Еще через десять минут недалеко, словно бы выпутавшись из влажной теснины тайги, застрекотал самолет, стрекот был хлипким, каким-то обрезанным, словно бы в баке машины кончалось горючее. Шайдуков даже на носки привстал, обеспокоился, не случилось ли чего, звук увяз в кронах деревьев, исчез, и Шайдуков чуть не охнул – вдруг с самолетом действительно что-нибудь произошло, но в следующий миг звук возник вновь, усилился, и над темной растрепанной кромкой деревьев появился четырехкрылый, с широко расставленными тонкими ножками кузнечик.
У Шайдукова отлегло от сердца – с самолетом все было в порядке.

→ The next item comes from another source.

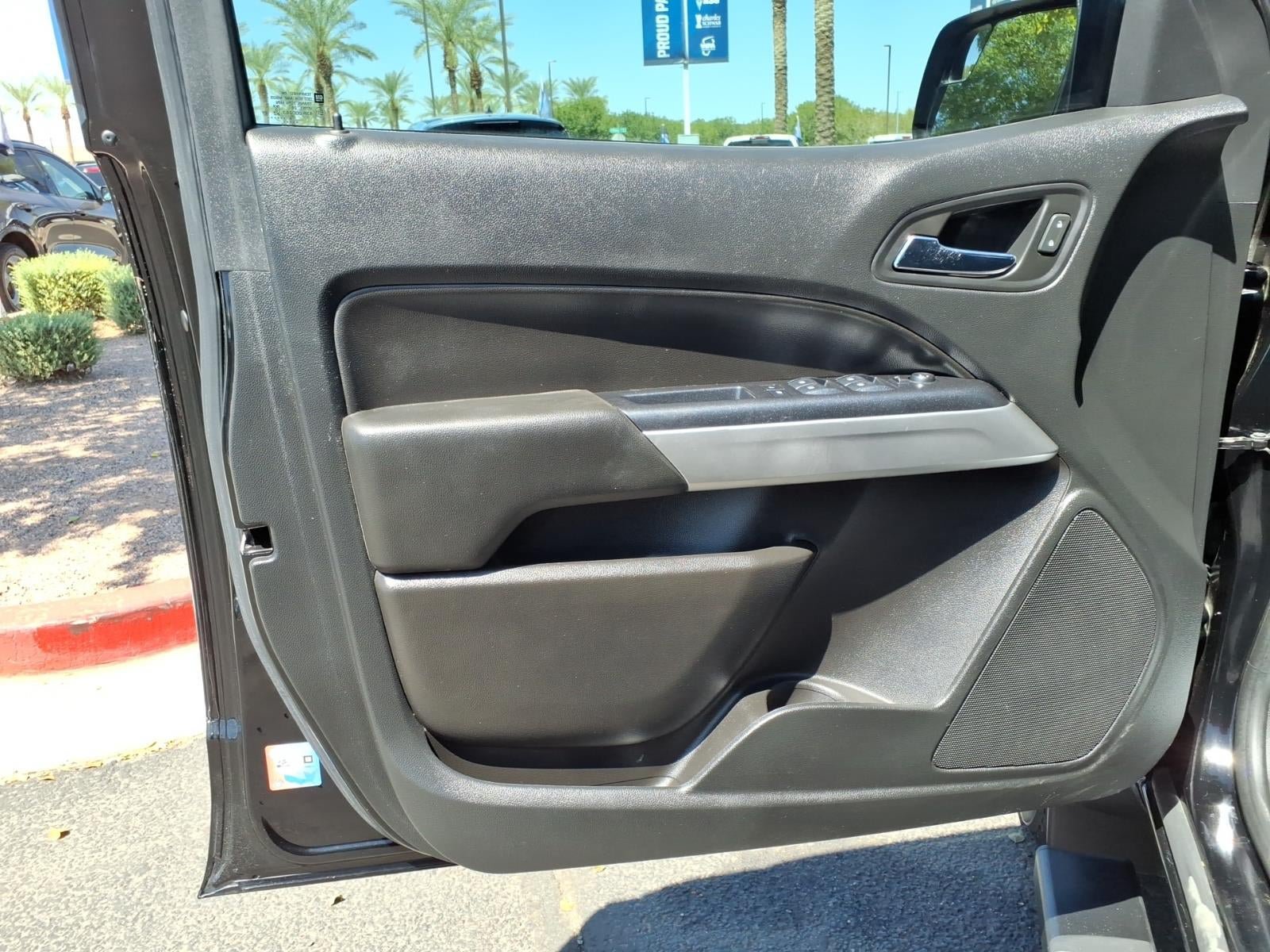 Used 2020 Chevrolet Colorado LT w/ Safety Package RWD image 20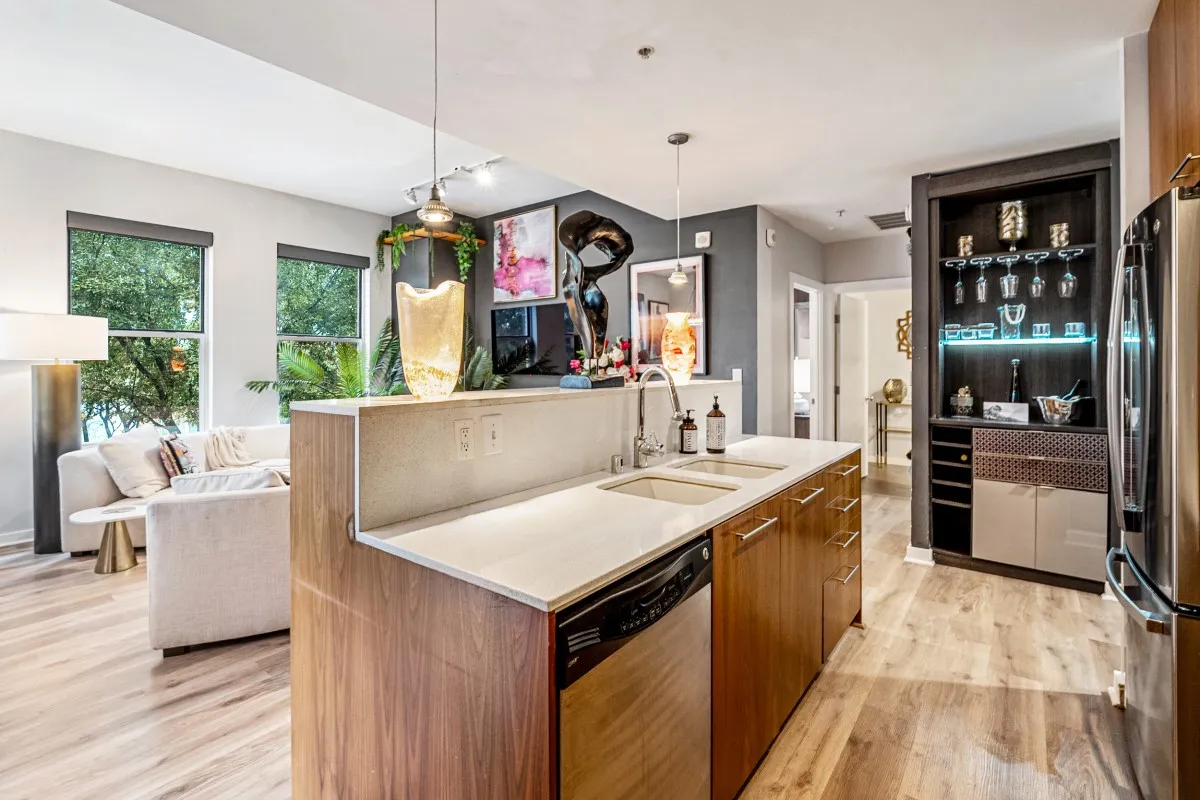Condominium For Sale in Dallas County , 2323 N Houston Street 204, Dallas, Texas 75219, 2 Bedroom, 2 Bathroom, 2 Garage spaces, 1,260 Sqft, built in 2005, mls#21264491, Real Estate Agent in Dallas, Homes For Sale in Dallas county, Homes For Sale in Dallas, Realtor in Dallas Texas, Real Estate Brokerage Independent Realty Texas, Luminita Cordes Realtor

Ан-2 круто пошел вниз, словно хотел боднуть землю, в этом движении было скрыто что-то опасное, Шайдуков невольно подумал, что у деревенских бабок, наблюдавших за боевой посадкой гражданского самолета, от испуга должна возникнуть икота и вообще таких лихих пилотов надо отправлять на работу в давильню жмыха – больше пользы будет. Он стукнул кулаком о кулак, гадая, до самой земли самолет будет носом вниз целить или все-таки выпрямится.
От лихого пикирования из Ан-2 чуть гайки не посыпались, из выхлопных патрубков повалил черный искристый дым, звук мотора сделался голодным, громким, самолет, у которого по-телячьи был задран хвост, вдруг хвост этот опустил и, если бы была возможность, поджал бы его, затормозил свое падение, замер на несколько мгновений и в следующий миг плавно коснулся колесами травы. Шайдуков отер ладонью вспотевший лоб: ну и дает пилот! Летает, как в цирке.
Пробежав по полю, самолет ловко развернулся, и пилот заглушил мотор. Ан-2 в наступившей, колко ввинтившейся в уши тишине прокатился несколько десятков метров и, сделавшись неуклюжим, замер у неказистого, но добротного аэрофлотовского дома.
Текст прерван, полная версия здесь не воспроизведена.